Fingers snapped in front of Pheno’s eyes. Pheno nodded. He looked in the direction of the voice. An old man with grease-slicked hair and wearing baggy, stained clothes moved j
erkily around the room faster than Pheno could track him.
“Good. Up you go.” With that, the old man lifted Pheno into an upright position then pulled Pheno’s body across his shoulders. He grunted as he lifted Pheno. Pheno’s arms and legs dangled and occasionally knocked into unseen things. The floor and its blood stains passed before Pheno’s eyes. Then they were outside; Pheno sensed the change in air more than anything. The old man laid him on the ground in what looked to be an alley. He darted back into a doorway from which the light and stink poured and reappeared after a moment. “Here’s your clothes.” The old man tossed Pheno’s rags in a heap onto him and disappeared with a slam and the clicking of several locks.

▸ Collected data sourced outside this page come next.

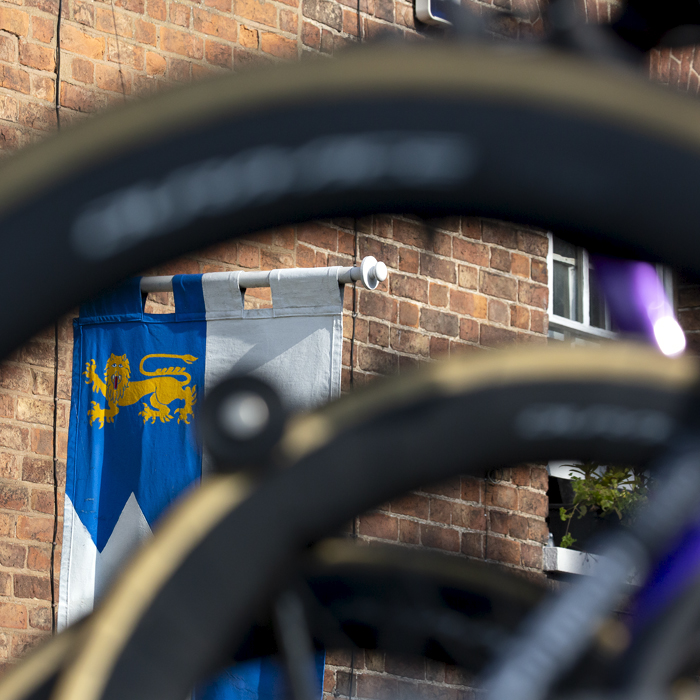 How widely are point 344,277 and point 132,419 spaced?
0.70 metres

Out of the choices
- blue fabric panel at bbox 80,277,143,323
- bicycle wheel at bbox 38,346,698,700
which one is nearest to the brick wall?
blue fabric panel at bbox 80,277,143,323

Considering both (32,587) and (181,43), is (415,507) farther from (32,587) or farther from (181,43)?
(181,43)

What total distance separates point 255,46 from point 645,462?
3.35m

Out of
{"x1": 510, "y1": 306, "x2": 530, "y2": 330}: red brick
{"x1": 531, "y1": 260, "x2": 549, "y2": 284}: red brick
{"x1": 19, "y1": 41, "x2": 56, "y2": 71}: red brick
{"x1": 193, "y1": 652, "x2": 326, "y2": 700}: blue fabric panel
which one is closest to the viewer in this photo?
{"x1": 193, "y1": 652, "x2": 326, "y2": 700}: blue fabric panel

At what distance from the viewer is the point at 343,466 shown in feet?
1.69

A band of stars shown between the dark sides of the buildings. Stars of the same rotation? Pheno tried to move but his muscles or his determination proved too weak for the pain in his hips where the hatch had caught him. He watched the stars arc across the nadir sky until the cool air forced him into his clothes.
Movement came easier now, so he crawled to a pile of scrapped equipment that looked older than his father. Pheno tried to pull himself up, but he lost his purchase and tumbled when the junk shifted. The effort and the fall drained him. He pulled a piece of rusted sheet metal over him and slept.
Pheno climbed the fence and carefully pinched the coiled cutwire running along the top before flipping over. He expected the observatory to be dark, but frowned at the closed dome. He had looked forward to tonight’s lecture on black holes. Since learning of the Academy’s observatory by eavesdropping on a student’s hall conversation, he had attended every lecture, lying on the dome to gaze at the stars and listen to the Thinker’s words below. The rotating dome underneath sent him into a slow, dizzy spin anchored by the lights above. He never saw the celestial bodies the Thinker pointed out, never looked through the telescope, judging a thing’s beauty only by the whining and squabbling of students vying for their turn to look too long. Pheno lingered after the classes and gazed for hours at the lights in the sky. He imagined travelling to both wondrous and perilous worlds alike. His home lay out there somewhere, but he never looked for it.